While network interface interconnect technologies are not as widely known as those previously discussed, they are in wide spread use and are standardized in network processor chips and network interface devices. These include the UTOPIA, POS-PHY, SPI-4 and HyperTransport parallel interfaces with performances over 8-, 16- and 32- bits up to 1.6 Gbyte /second. These interconnects create the backbone for ATM and TDM networking protocols used in the wired and wireless telecom industry.

PICMG is a consortium of companies that work together to create standard specifications. These specifications enable an ecosystem of platform and module providers to jointly create standard embedded and telecom products that interoperate.

Current key standards contenders include existing Fibre Channel, SCSI and ATA for storage to processor interconnect technologies. New standard interconnects include Infiniband, RapidIO and PCI Express. PICMG has created standard system interconnect specs including PICMG 2.16, 2.17, 2.20, 3.1, 3.2 and 3.3. Chip-to-chip interconnects such as Utopia, HyperTransport, SPI-4, POS-PHY and others are also in use to connect processing chips with each other and physical interfaces. Source: Motorola

The PICMG 2.16 standard specifies a switched Ethernet interconnect supporting up to 1 Gbit/second using the 802.3ab interface, over a PICMG 2.0 CompactPCI backplane in a dual star configuration. PICMG 2.16 works best in applications that use protocols that run over Ethernet such as TCP/IP and want to integrate the cables used to connect the processors into the backplane of the chassis.

PICMG 2.17 specifies a switched interconnect in a CompactPCI backplane for the Star Fabric PCI to PCI and H.110 compatible bridging technologies over high-speed serial point-to-point links at speeds up to 2 Gbit / second. PICMG 2.20 specifies a full mesh high-speed serial interconnect in a PICMG 2.0 backplane.

PICMG 2.20.1 specifies a use of the 2.20 mesh for a Network Processing Distributed Fabric based on CSIX-L1 (Common Switch Interface Specification - L1). The PICMG 2.20 interconnect operates at speeds up to 3.125 Gbit /second across each point-to-point link to and from 18 slots for a maximum aggregate performance of up to 700 Gbit/second. All the PICMG 2.0 specifications such as 2.16, 2.17 and 2.20 are designed to follow the PICMG 2.0 6U x 160mm board form factor specification.

PICMG 3.0 is a new standard being developed called Advanced Telecom Computing Architecture (AdvancedTCA). It specifies a new and larger than CompactPCI PICMG 2.0 form factor for boards that are 8U high and 280mm deep. The AdvancedTCA PICMG 3.0 chassis supports up to 16 slots with full mesh backplane interconnect with four 2.5 Gigabit bi-directional links between each slot.

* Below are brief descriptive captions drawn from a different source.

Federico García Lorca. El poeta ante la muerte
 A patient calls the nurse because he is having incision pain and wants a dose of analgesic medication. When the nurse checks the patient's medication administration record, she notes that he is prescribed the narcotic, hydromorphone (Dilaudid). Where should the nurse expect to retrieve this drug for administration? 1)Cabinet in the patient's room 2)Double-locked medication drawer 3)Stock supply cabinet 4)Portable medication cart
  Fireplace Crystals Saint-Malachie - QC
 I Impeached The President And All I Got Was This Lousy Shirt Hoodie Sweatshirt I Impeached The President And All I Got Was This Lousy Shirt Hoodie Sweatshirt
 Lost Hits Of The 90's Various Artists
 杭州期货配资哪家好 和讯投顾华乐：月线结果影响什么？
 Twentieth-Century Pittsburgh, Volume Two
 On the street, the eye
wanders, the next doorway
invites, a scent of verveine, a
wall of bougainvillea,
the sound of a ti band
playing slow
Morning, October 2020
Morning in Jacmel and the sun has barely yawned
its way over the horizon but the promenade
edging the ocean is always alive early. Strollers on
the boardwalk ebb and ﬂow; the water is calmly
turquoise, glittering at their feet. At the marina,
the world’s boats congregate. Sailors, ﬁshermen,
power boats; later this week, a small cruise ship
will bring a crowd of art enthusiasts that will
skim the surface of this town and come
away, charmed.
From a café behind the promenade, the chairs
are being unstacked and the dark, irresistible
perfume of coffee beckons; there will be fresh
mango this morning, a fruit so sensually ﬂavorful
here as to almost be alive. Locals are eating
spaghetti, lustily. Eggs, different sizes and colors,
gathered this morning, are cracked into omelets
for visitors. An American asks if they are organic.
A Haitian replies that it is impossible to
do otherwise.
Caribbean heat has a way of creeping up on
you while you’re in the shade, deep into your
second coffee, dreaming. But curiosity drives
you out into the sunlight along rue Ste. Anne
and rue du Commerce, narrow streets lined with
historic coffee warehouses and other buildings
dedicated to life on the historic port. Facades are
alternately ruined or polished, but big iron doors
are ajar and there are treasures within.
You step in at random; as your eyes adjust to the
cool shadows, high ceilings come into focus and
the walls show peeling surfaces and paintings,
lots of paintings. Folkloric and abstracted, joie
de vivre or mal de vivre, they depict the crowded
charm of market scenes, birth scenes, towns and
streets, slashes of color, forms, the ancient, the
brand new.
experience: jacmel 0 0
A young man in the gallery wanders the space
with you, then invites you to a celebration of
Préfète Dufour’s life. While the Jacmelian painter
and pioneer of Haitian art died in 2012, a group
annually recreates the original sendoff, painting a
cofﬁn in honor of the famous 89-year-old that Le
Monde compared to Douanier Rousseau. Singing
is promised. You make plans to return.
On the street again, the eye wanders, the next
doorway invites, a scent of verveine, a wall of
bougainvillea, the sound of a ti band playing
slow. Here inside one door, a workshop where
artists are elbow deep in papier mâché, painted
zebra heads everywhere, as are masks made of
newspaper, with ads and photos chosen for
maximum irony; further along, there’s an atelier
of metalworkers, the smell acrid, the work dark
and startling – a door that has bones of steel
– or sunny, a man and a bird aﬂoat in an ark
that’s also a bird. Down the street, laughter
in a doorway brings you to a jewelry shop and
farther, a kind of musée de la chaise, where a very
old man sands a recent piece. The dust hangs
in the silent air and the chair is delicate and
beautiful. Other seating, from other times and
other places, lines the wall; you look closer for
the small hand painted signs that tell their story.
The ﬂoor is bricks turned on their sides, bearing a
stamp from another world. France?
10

PICMG 3.1 specifies the use of Ethernet over this full mesh, while PICMG 3.2 specifies Infiniband, and PICMG 3.3 specifies Star Fabric interconnects. A new standard subcommittee for PCI Express called PICMG 3.4 was just established. Future PICMG 3.x standards for Network Processing Fabrics such as CSIX-L1 and other interconnects will be established later this year.

All of these AdvancedTCA PICMG 3.x standards specify the use of the full mesh backplane interconnect specified in the PICMG 3.0 base specification. The best use for each depends on the protocol a particular application can benefit from.

For example, a server comprised of many boards each with several general purpose processors all providing a distributed service such as a Web hosting or email will probably use the PICMG 3.1 Ethernet connectivity because Ethernet is the media used to connect web servers.

On the other hand, a file server application may use PICMG 3.2 and the Infiniband connectivity to provide the scalable connectivity to disks and processors. These standard interconnects in the new PICMG 3.0 form factor enable the embedded networking and telecom designers to choose one that best meet the applications needs in a specific carrier grade platform.